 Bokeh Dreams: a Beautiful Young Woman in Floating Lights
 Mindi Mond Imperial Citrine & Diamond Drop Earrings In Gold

...

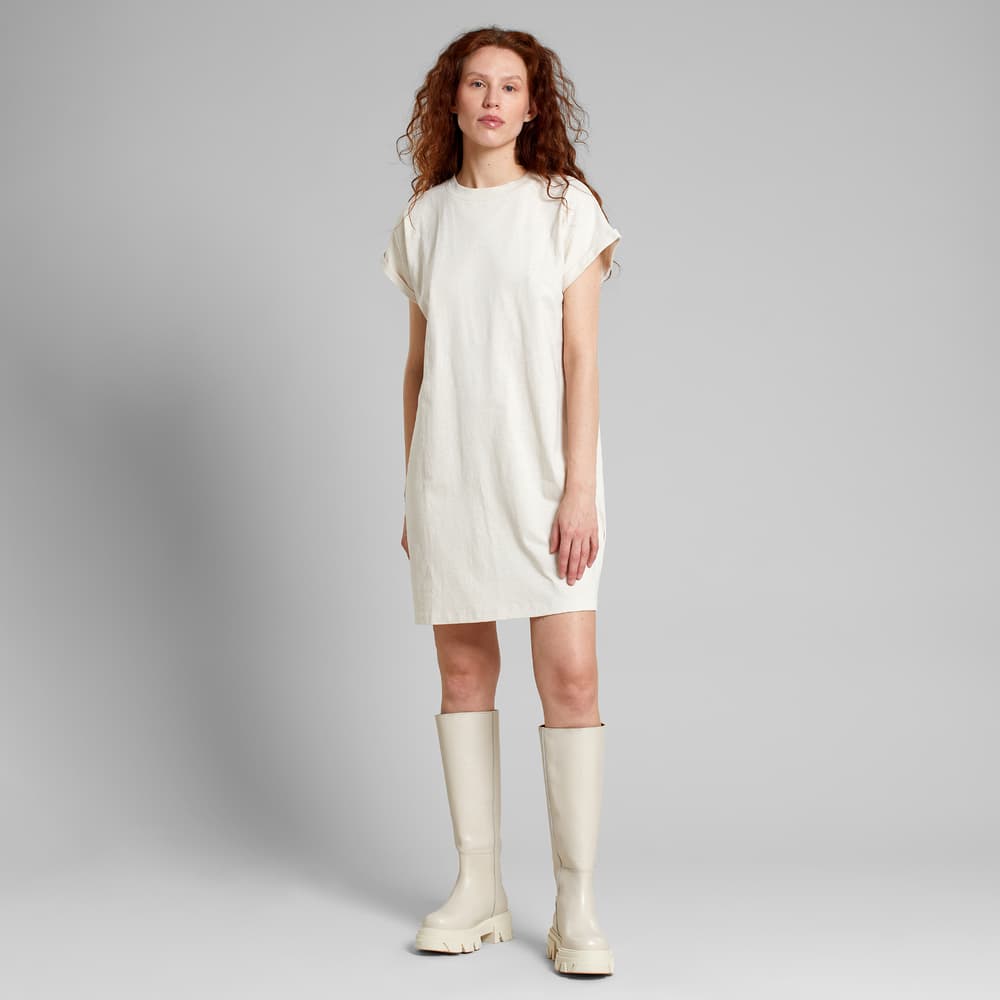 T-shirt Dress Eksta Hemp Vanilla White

* [DIRECTIONS]
Copy the lines of the data above exactly as written, beginning with the line containing "Bokeh Dreams: a" and ending with the line containing "Mindi Mond Imperial", and leave out all other lines.

* [SOLUTION TO THE PROBLEM]
 Bokeh Dreams: a Beautiful Young Woman in Floating Lights
 Mindi Mond Imperial Citrine & Diamond Drop Earrings In Gold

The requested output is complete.